The Stonehenge tunnel and Lower Thames Crossing road schemes are “highly likely” to be entirely publicly funded, New Civil Engineer can reveal.
Highways England chief executive Jim O’Sullivan confirmed that both schemes will have to be publicly funded following chancellor Philip Hammond’s decision to axe PFI and PF2 deals. Both routes were due to receive private financing under the PF2 model.
And while a new model of private financing is likely to be set up, O’Sullivan said that any alternative model of private financing is unlikely to be in place in time to be used on either the £1.6bn A303 Stonehenge tunnel or the £6bn Lower Thames Crossing.
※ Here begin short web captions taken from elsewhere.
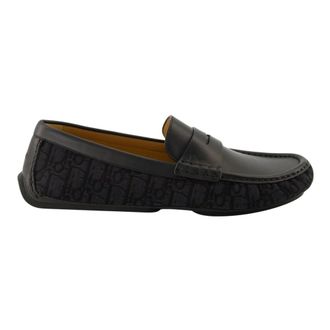 Dior Roadie Loafer - - Shoes - Uomo - Nero - 43 1/2 EU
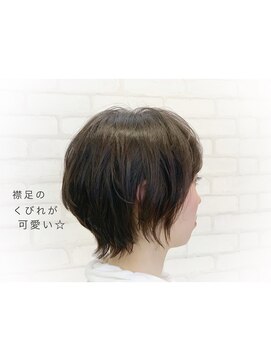 ビス ヘア アンド ビューティー 西新井店(Vis Hair＆Beauty) 外ハネ/ウルフショート/マッシュウルフ/ネオウルフ/大人かわいい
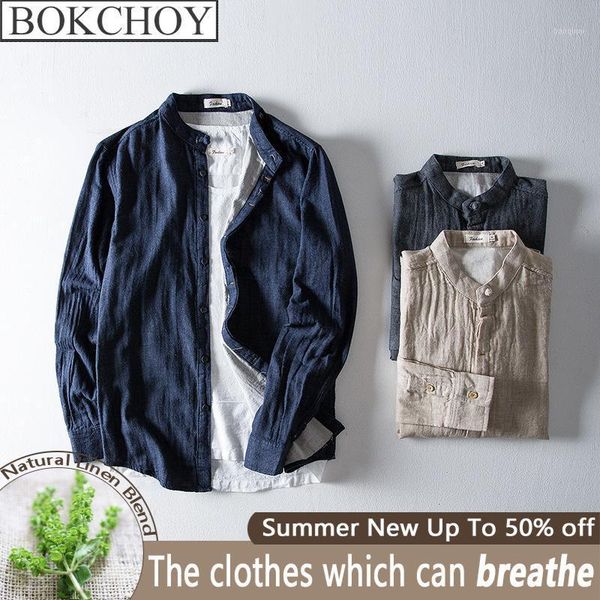 causal linen shirt men long sleeve shirts comfortable breathable natural linen 2020 new trend mandarin collar chinese-style1, White;black
causal linen shirt men long sleeve shirts comfortable breathable natural linen 2020 new trend mandarin collar chinese-style1, White;black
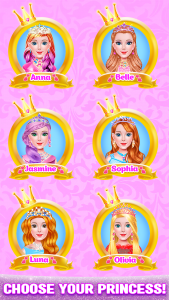 اسکرین شات 1 بازی Royal Princess Hair Salon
“Both of these projects will likely end up with public money, under a traditional contracting model” O’Sullivan told New Civil Engineer. “How that will be done has yet to be worked out.”
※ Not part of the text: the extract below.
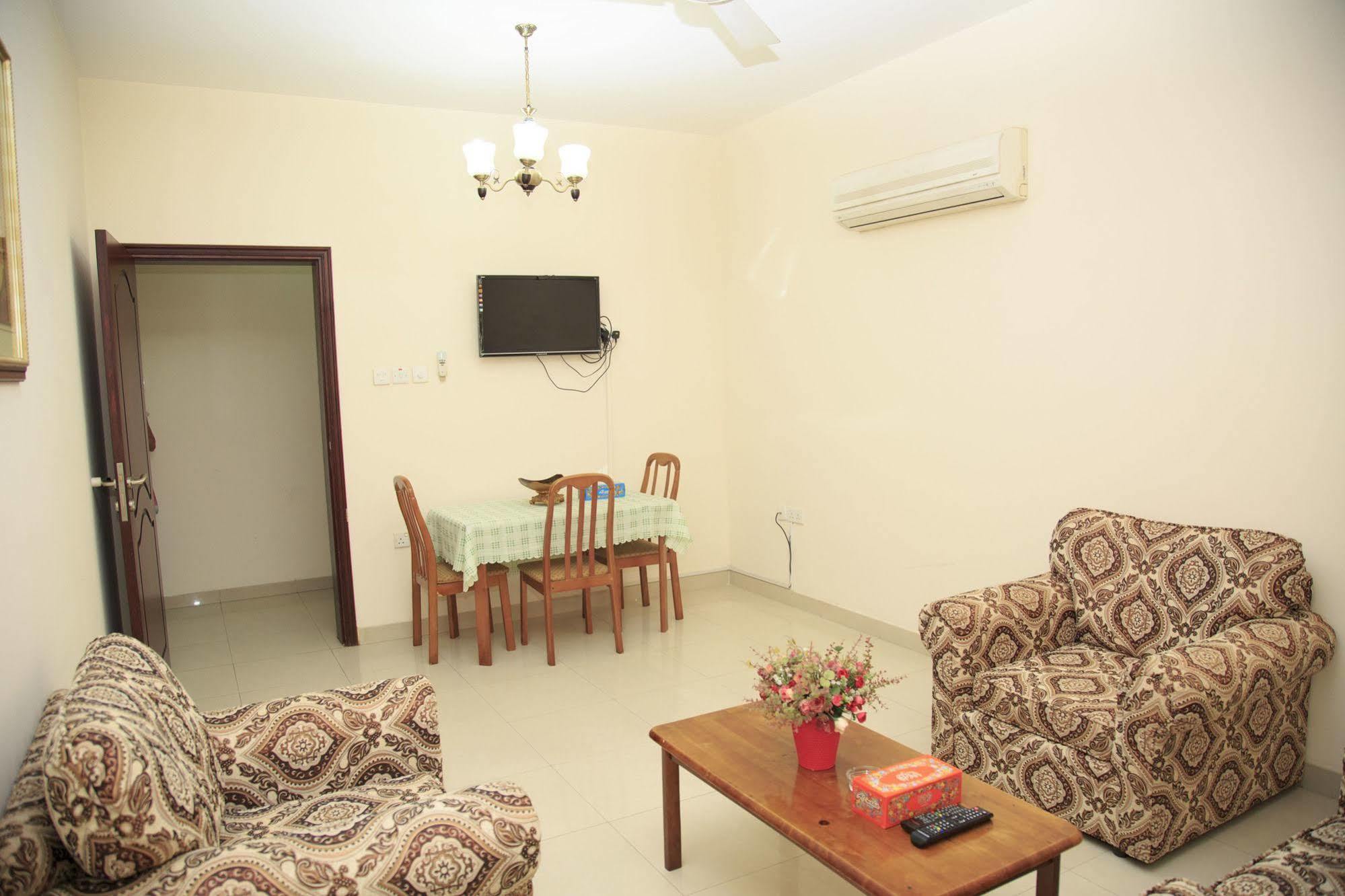 Gulf Hotel Apartment الخليج للشقق الفندقية マスカット エクステリア 写真
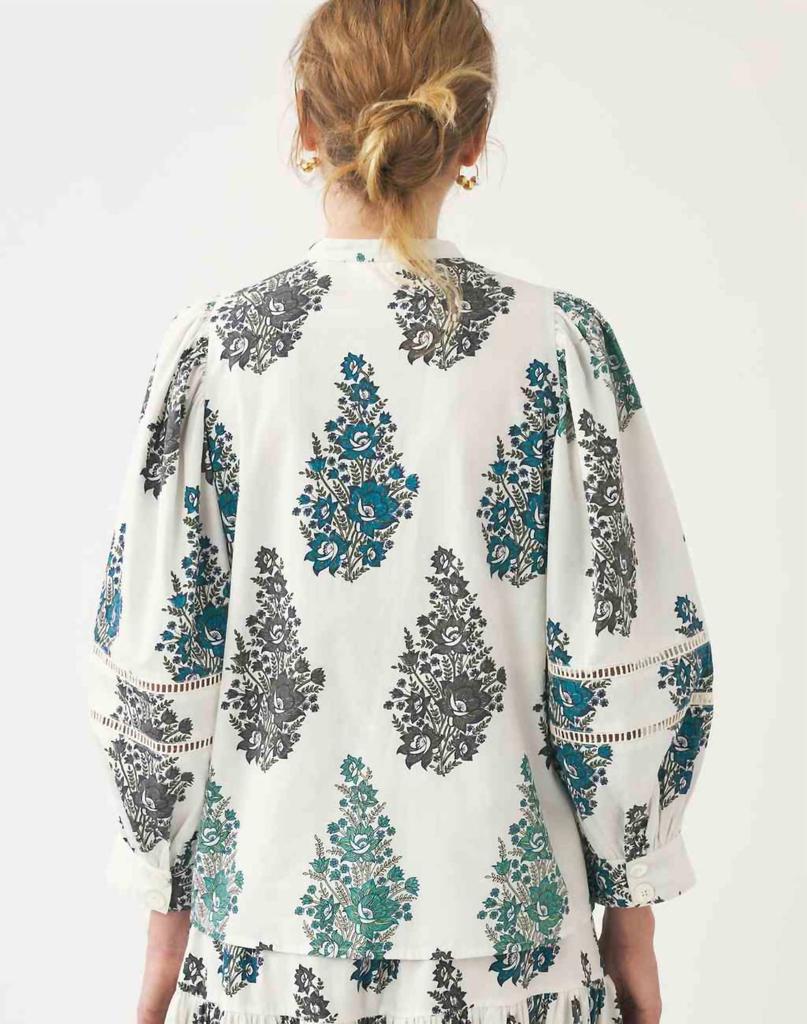 ANTIK BATIK Antik Batik - Cotton Poplin Muguet Blouse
“It would be good for the market if we have some sort of decision by January.”
He added: “Both of these projects remain on track and neither of them is affected by the announcement.”
It comes after Chief Secretary to the Treasury Elizabeth Truss confirmed that neither project would be funded under PF2, following a question by MP Stella Creasy.
“The Budget announced that government will no longer use Private Finance 2 for new projects,” Truss said. “The upgrade of the A303 and the Lower Thames Crossing will therefore not use Private Finance 2.”
The tunnel section of the Lower Thames Crossing was always set to receive public funding, with private financing originally earmarked to cover the road sections either side of the tunnel.
O’Sullivan added that by switching to a “traditional” funding method has several benefits. In particular he likened the lessons learnt on the A14 as being transferable to the Stonehenge tunnel scheme.
“[Using public money] is quicker and simpler than doing PFI so we have a couple of months to work out how exactly it will be done,” he said. “The Stonehenge tunnel is about the same size as the A14. I think there a lot of lessons learnt from that project that can be applied to the A303.”
Galliford Try boss Bill Hocking had previously told New Civil Engineer that the firm wasn’t interested in dealing with PF2 supported projects. Hocking said the risk transfer associated with PF2, “onerous” terms and conditions and variable track record meant the projects do not fit its business model.